De nouvelles espèces en Méditerranée mais aussi une pollution majeure menace le mare nostrum, bassin de notre civilisation.
Il faut redoubler d’effort pour sauver la Méditerranée
Une étude internationale impliquant notamment le CNRS, l’IRD, l’Ifremer et l’université de Montpellier avertit que les aires marines protégées ne suffiront pas à écarter toute menace sur la biodiversité remarquable de la Méditerranée. Ces aires marines protégées (AMP) ont été développées en Méditerranée à partir des années 1960. Car la mer Méditerranée constitue un point central de biodiversité : elle représente moins de 1% de la surface des océans du monde, mais abrite 4 à 18% des espèces marines. Or plusieurs menaces pèsent aujourd’hui sur elle : une très forte pression de la pêche, une pollution croissante et une température moyenne qui devrait augmenter considérablement lors des prochaines décennies. Les AMP ne couvrent aujourd’hui que 0,4 % de la Méditerranée, soit un peu moins de 10000 km2. Le rapport souligne qu’elles ont été créées « sans véritable stratégie à grande échelle », selon les conclusions de l’étude contrairement au sanctuaire marin Pelagos, qui couvre 87500 km2 à lui seul sur les zones françaises (dont la Corse), italienne, monégasque et internationale, et qui vise à protéger notamment baleines, dauphins et tortues. Le rapport insiste sur le fait que des zones situées au large de l’Afrique du Nord et à l’extrémité du bassin méditerranéen, sont à l’inverse laissées sans protection.

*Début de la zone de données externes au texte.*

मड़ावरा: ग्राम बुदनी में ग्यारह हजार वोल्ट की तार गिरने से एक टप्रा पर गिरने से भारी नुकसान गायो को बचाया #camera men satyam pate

Le point de non retour n’est plus très éloigné
En Méditerranée, mer pratiquement fermée, les espèces qui préfèrent des eaux froides ne peuvent aller nulle part. Et de ce fait, d’ici 2060, un tiers des 75 espèces maritimes seront menacées et six auront disparu, selon le CLAMER. Le sénateur Roland Courteau dénonce de son côté la surpêche, les résidus médicamenteux, les déchets de matière plastique, les polluants organiques etc. qui sont en train de tuer notre environnement. Présenté cette semaine au Sénat par Roland Courteau, sénateur de l’Aude, le texte de l’Office parlementaire des choix scientifiques et techniques (OPECST) détaille sur 300 pages tous les maux qui tuent la Méditerranée. Le rapport met en exergue la croissance de la population dans les pays riverains, de 285 millions à 427 millions d’habitants entre 1970 et 2000, selon le rapport, avec « 14% d’augmentation pour les pays de la rive nord et 101% pour les pays des rives est et sud ». Et cette croissance est aggravée par l’urbanisation grandissante mais aussi par la littoralisation, c’est-à-dire l’augmentation des populations vivant près de la côte, passées sur la même période de 96 à 145 millions. La Méditerranée a ainsi vu grossir le flux de molécules chimiques, de matières organiques, de déchets de matières plastiques, de bateaux de pêche et d’espèces invasives. Les hydrocarbures sont pointés du doigt mais aussi les nitrates, les phosphates, les métaux lourds, les pesticides, les polluants de toutes sortes et même les produits pharmacologiques, une « pollution émergente » selon le rapport, qui souligne qu’il faudrait « 50 millions d’années pour tester individuellement chacune des molécules connues ». Les stations d’épuration sont à l’évidence en nombre insuffisant. Dans les pays au nord de la Méditerranée, « seules 11% des villes de plus de 10.000 habitants n’ont pas de réseaux d’épuration ; au sud ce pourcentage atteint 44% ». Plus généralement, il n’y a aucune politique commune pour sauver notre mer. Et « à terme, le renforcement de ces différences de traitement de la pollution pourra poser des problèmes de coexistence et même créer des tensions dans un espace marin commun, clos et fragile » avertit Roland Courteau.Et le moment où le dépérissement sera irréversible n’est guère éloigné si on en croit les scientifiques. Et alors l’homme pâtira de son manque de prévoyance.